Olá, Rômulo. O que lhe atraiu no personagem de Elon?
Oi, cara. Tudo bem? Que prazer falar contigo. Pois então, o Elon foi um grande presente que caiu no meu colo. A história de como isso aconteceu, no entanto, é um pouco longa. As filmagens de Elon foram em 2015, e dois anos antes, ou seja, lá por 2013, eu participei de um projeto em Belo Horizonte chamado Janela de Dramaturgia. E, num destes encontros, quem apareceu foi o Ricardo (Alves Jr., diretor do filme), que tinha apenas o roteiro naquele ponto, e o levou para que fosse lido. Ali foi meu primeiro contato com o personagem, e desde o começo foi como se ele fosse parte de mim, entende? O roteiro era bem diferente do que acabou sendo filmado, mas já me deixou apaixonado.
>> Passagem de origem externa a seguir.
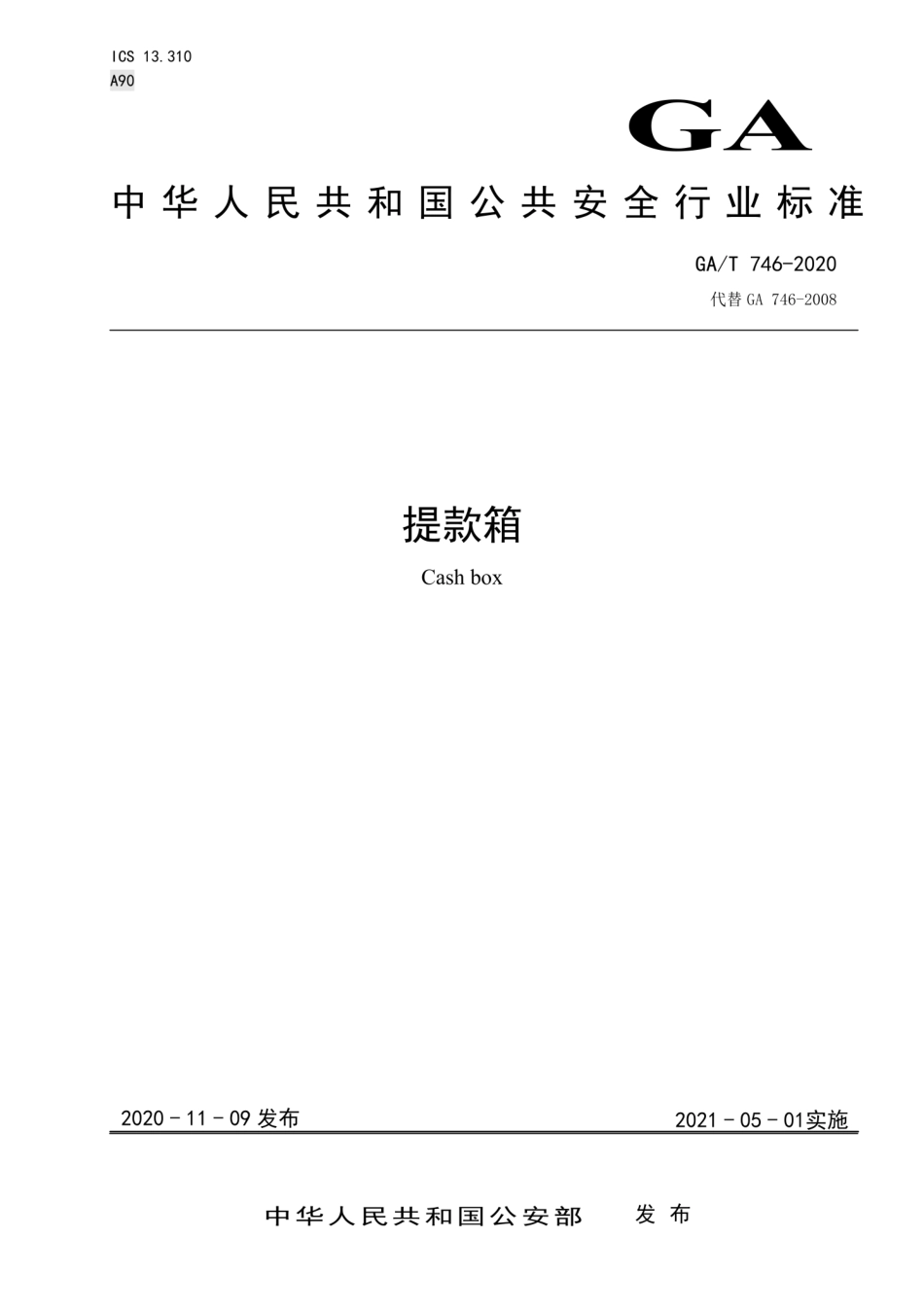 GAT 746-2020 提款箱.pdf_第1页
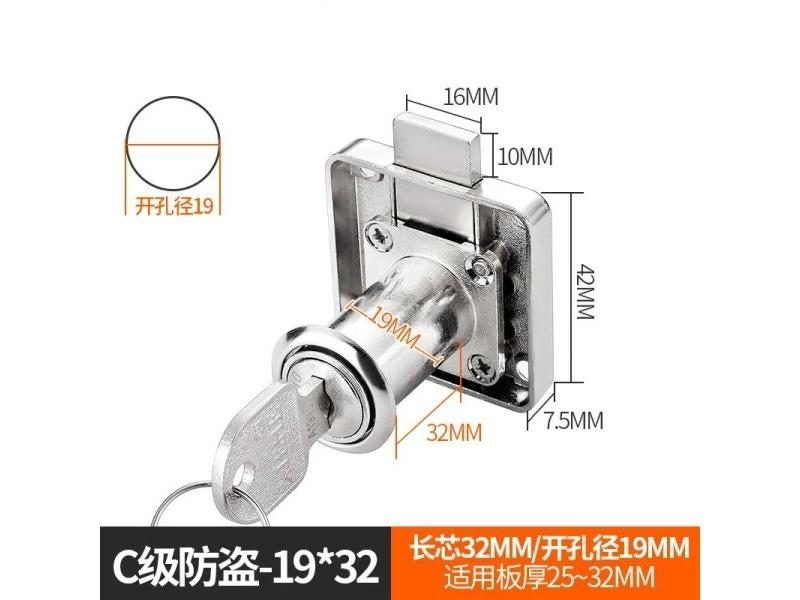 High Quality Zinc Alloy Drawer Lock Security Office Cabinet Lock Locker Door Carousel 1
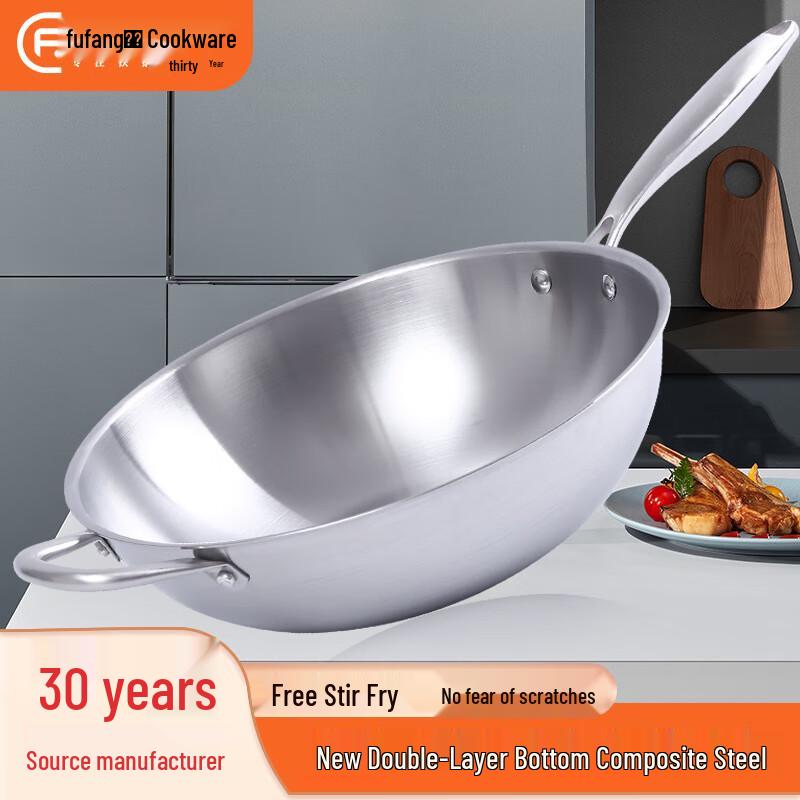 Bingyao Double-Layer Stainless Steel Wok
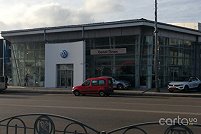 Солли Плюс Volkswagen - Харьков. Фото 2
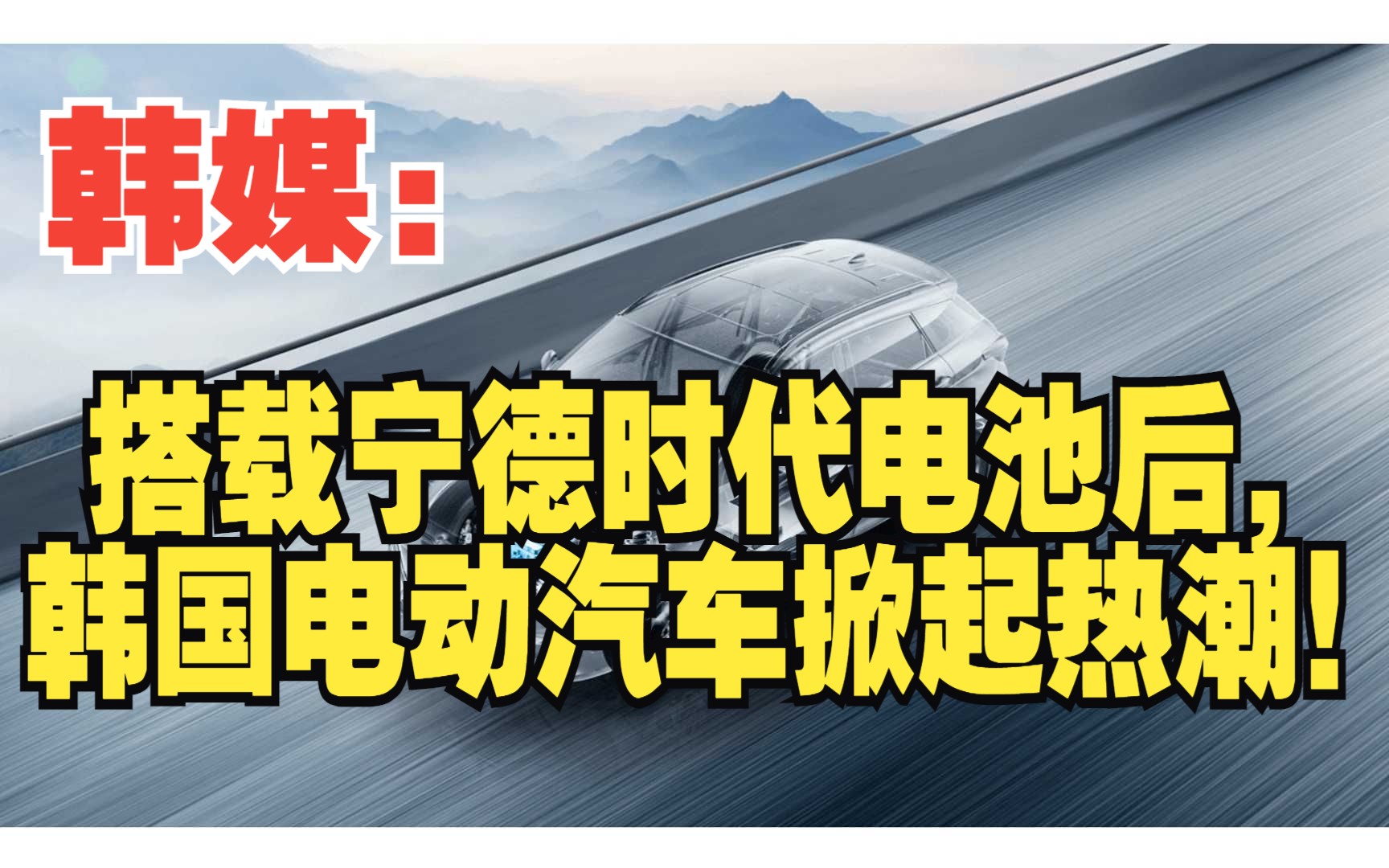 韩媒:搭载宁德时代电池后,韩国电动汽车掀起热潮!哔哩哔哩bilibili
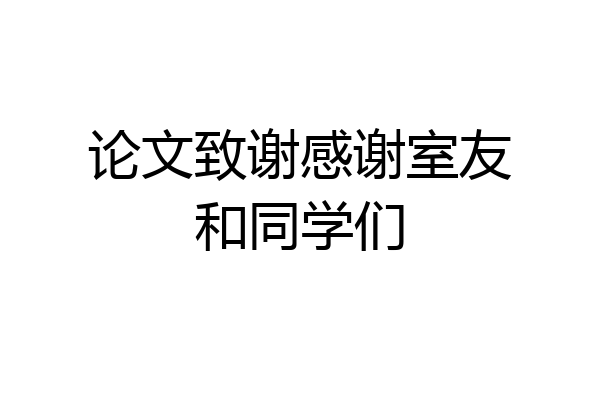 论文致谢感谢室友和同学们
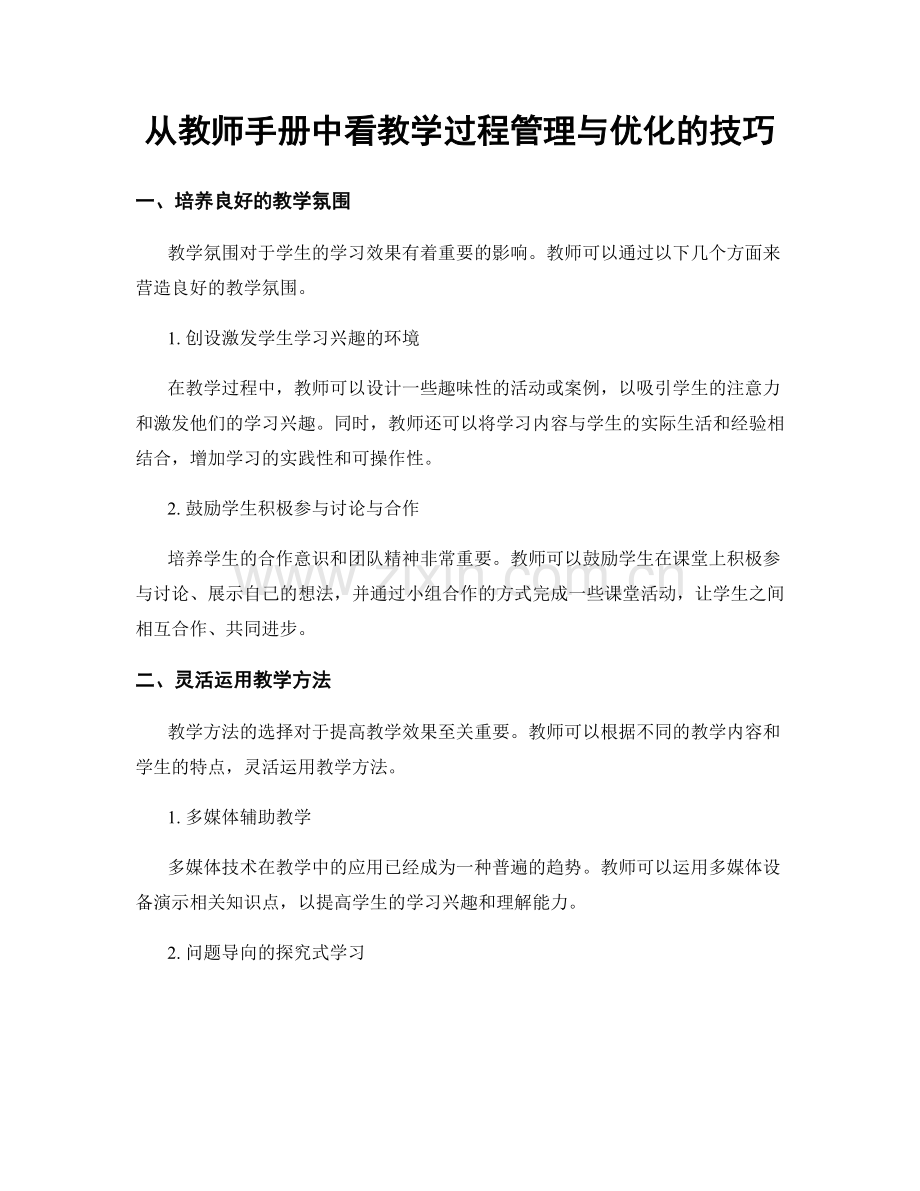 从教师手册中看教学过程管理与优化的技巧.docx_第1页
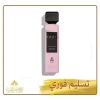 Untitled design (37) عطر بلاك ليدي Black Lady من عساف – 200 مل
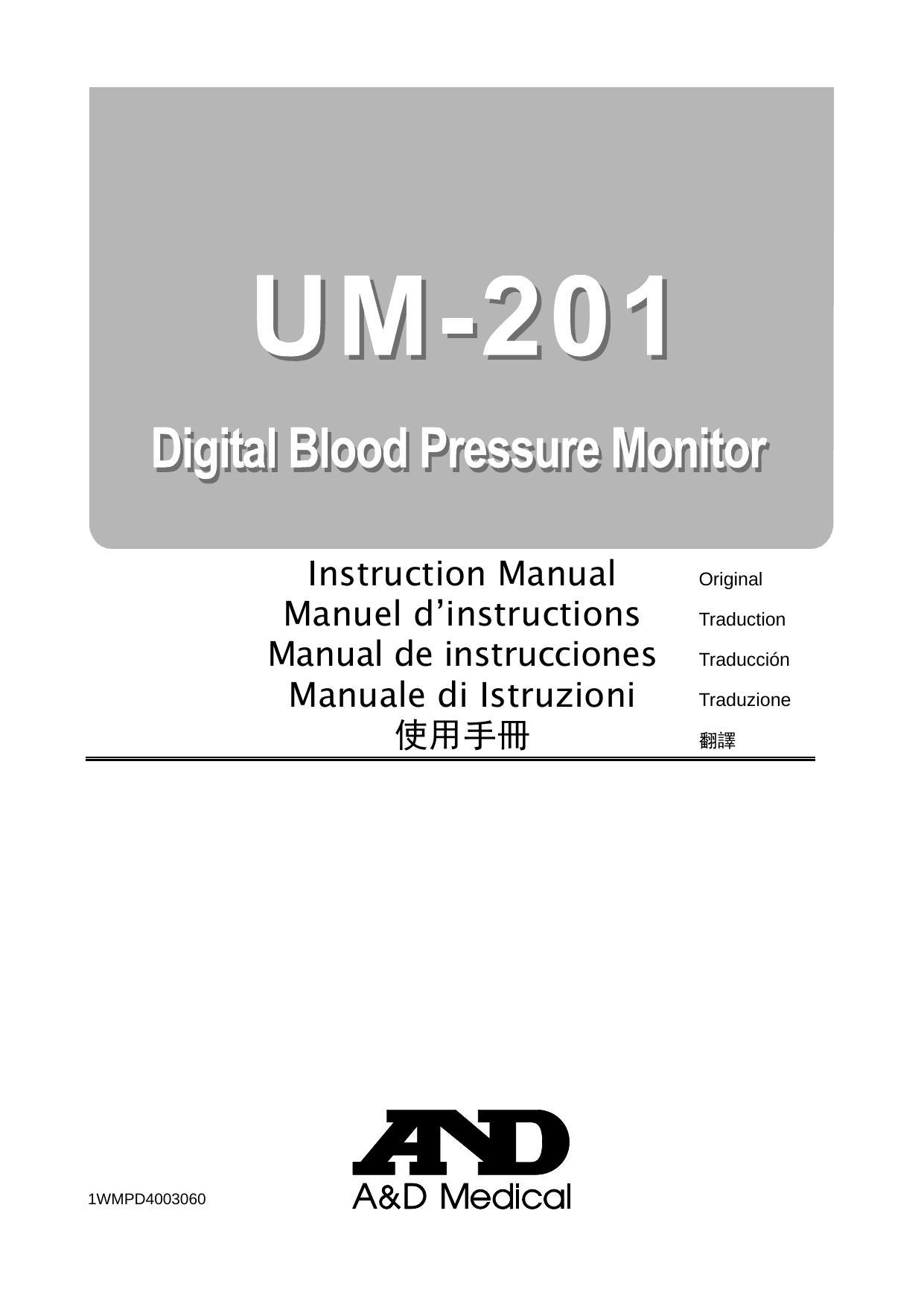 um-201-digital-blood-pressure-monitor-instruction-manual.pdf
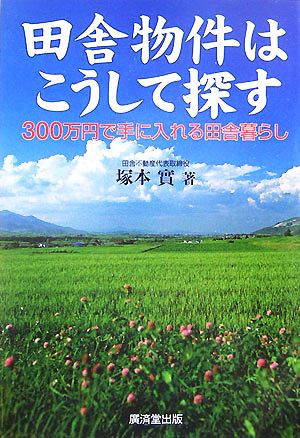 田舎物件はこうして探す 300万円で手に入れる田舎暮らし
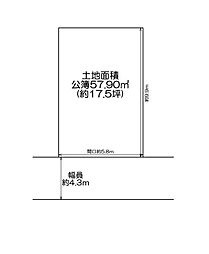 大阪市城東区鴫野西5丁目 売土地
No entanto, o Ricardo nunca disse que havia escrito para mim, que se virasse filme eu seria convidado ou algo do gênero. Sempre foi um jogo muito honesto, ele me dizia que eu estava no páreo, que havia a possibilidade, mas nunca chegou a me dar qualquer tipo de garantia. Ou seja, enquanto o elenco não fosse fechado, não havia nada certo. Eu, no entanto, havia ficado fascinado pelo que havia lido, pelo personagem, pela estrutura da história. Bom, o tempo passou, o filme começou a se concretizar e o convite veio. No entanto, quando começamos as filmagens, o Ricardo teve outro toque genial. Ele foi esperto o suficiente para desconstruir tudo isso que havia dentro de mim, toda essa expectativa. Conseguiu me pegar do zero. Isso foi ótimo, pois continuei pesquisando, caminhei muito pelas ruas de Belo Horizonte, tudo movido pela paixão que sentia. Foi precisa que eu me voltasse para a fisicalidade que ainda não havia explorado, num sentido de pró-atividade. Isso foi me deixando cada vez mais instigado. Foi um processo muito laborioso, mas também muito leve e prazeroso.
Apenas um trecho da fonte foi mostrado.